> Who out there is working on ... infinite history?
Many people are still working on improving RNNs, mostly in academia. Examples off the top of my head:
* RWKV: https://arxiv.org/abs/2006.16236 / https://arxiv.org/abs/2404.05892 https://arxiv.org/abs/2305.13048
* Linear attention: https://arxiv.org/abs/2503.14456
* State space models: https://arxiv.org/abs/2312.00752 / https://arxiv.org/abs/2405.21060
* Linear RNNs: https://arxiv.org/abs/2410.01201
Industry OTOH has gone all-in on Transformers.
> Industry OTOH has gone all-in on Transformers.
It's so annoying. Transformers keep improving and recurrent networks are harder to train so until we hit some real wall, companies don't seem eager to diverge. It's like lithium batteries improving easy faster than it was profitable to work on sodium ones, even though we unfortunately want the sodium ones to be better.

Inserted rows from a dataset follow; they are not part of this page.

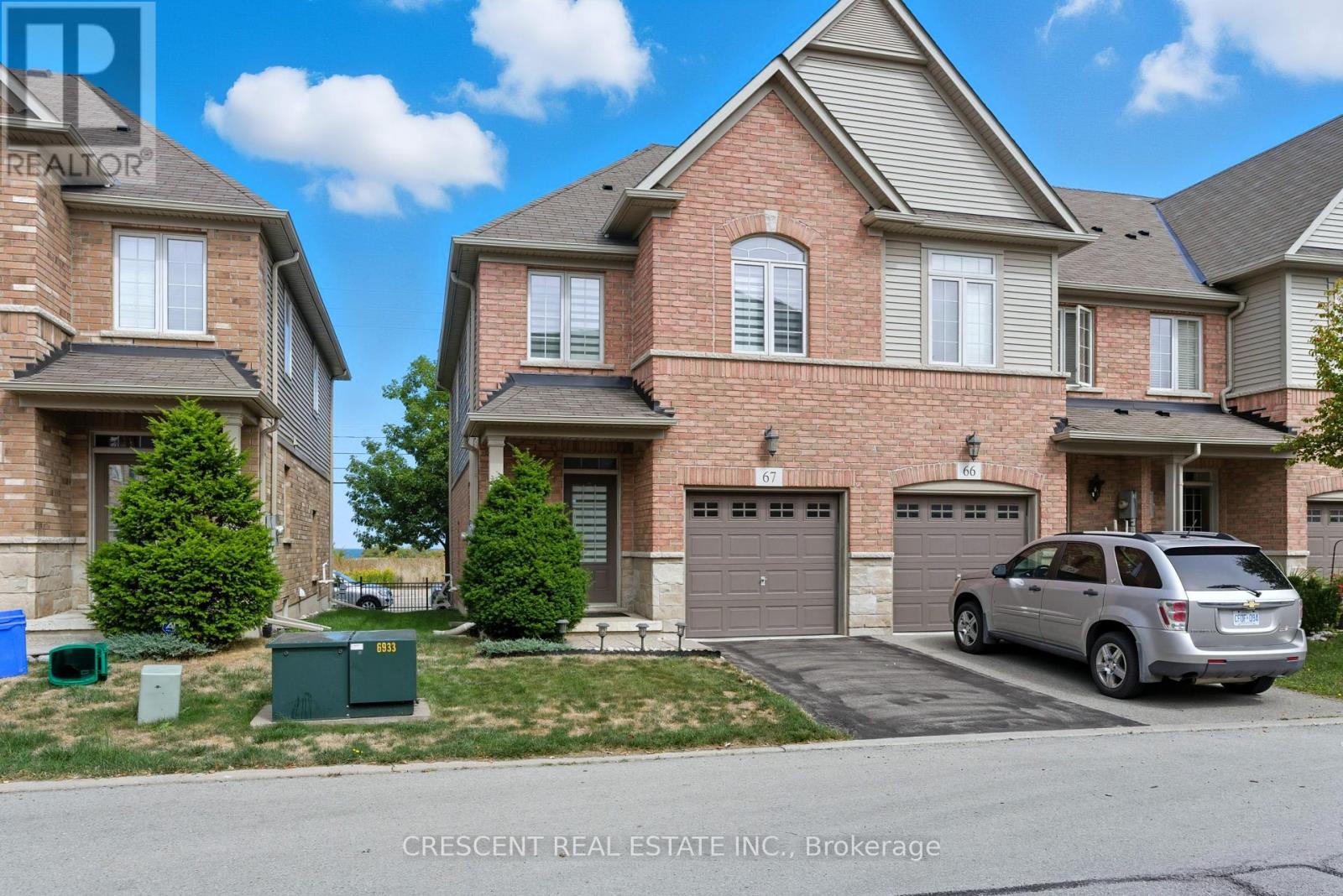 67 515 Winston Rd, Grimsby, ON L3M 0C8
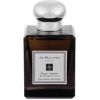 Jo Malone Dark Amber & Ginger Lilly EDC 100ml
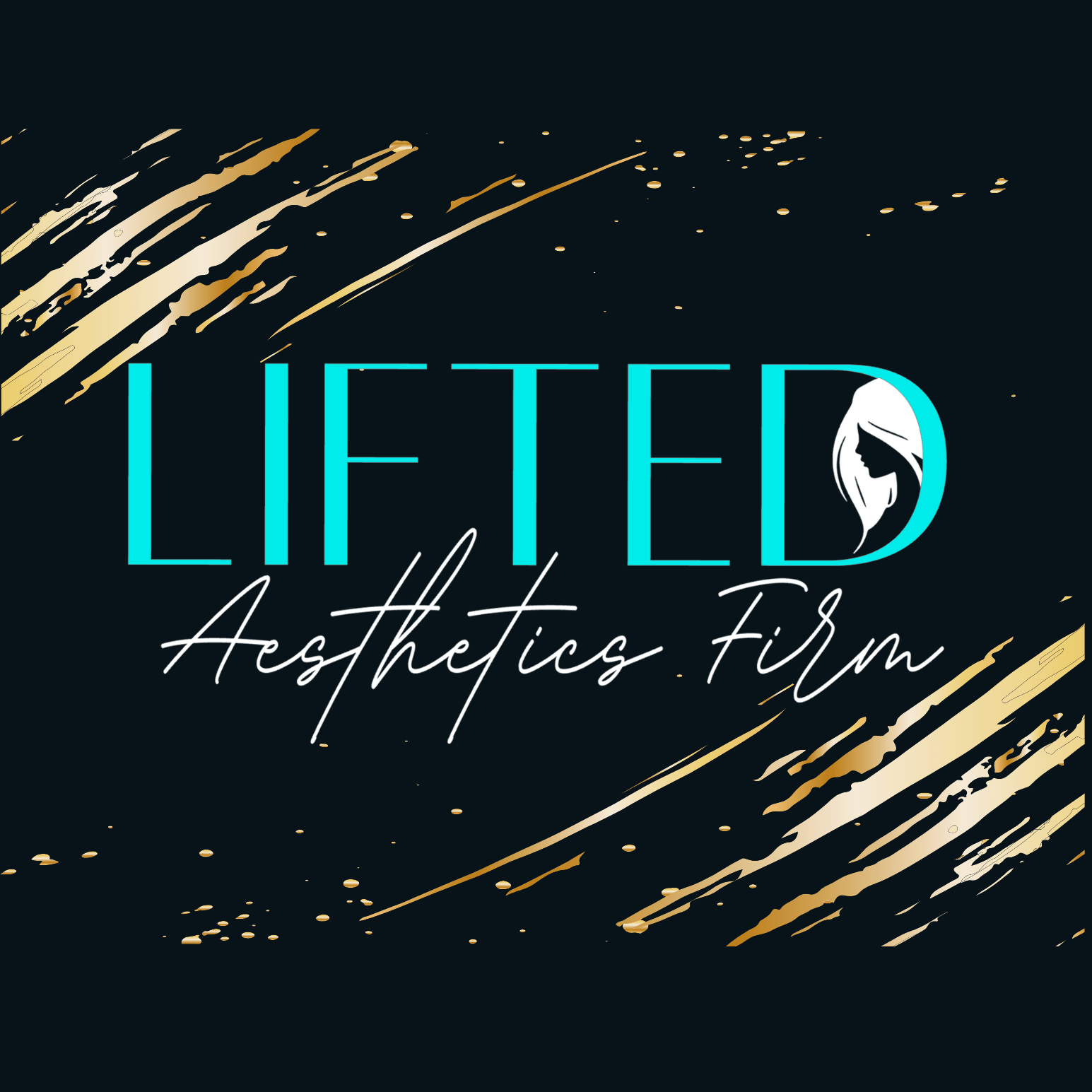 LIFTED Aesthetics Firm-avatar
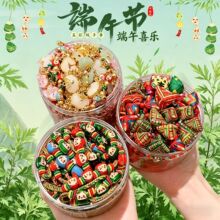 ���繝����K������l�t�K�ƷŮ�ֹ��������������ꃺͯ��ɫ���K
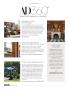 Page: - 34 | Architectural Digest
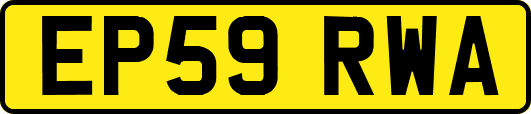 EP59RWA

RNNs have two huge issues: - long context. Recurrence degrades the signal for the same reason that 'deep' nn architectures don't go much past 3-4 layers before you need residual connections and the like - (this is the big one) training performance is terrible since you can't parallelize them across a sequence like you can with causal masked attn in transformers
On the huge benefit side though you get: - guaranteed state size so perfect batch packing, perfect memory use, easy load/unload from a batch, O(1) of token gen so generally massive performance gains in inference. - unlimited context (well, no need for a concept of a position embedding or similar system)
Taking the best of both worlds is definitely where it is at for the future. An architecture that can train parallelized, has a fixed state size so you can load/unload and patch batches perfectly, unlimited context (with perfect recall), etc etc. That is the real architecture to go for.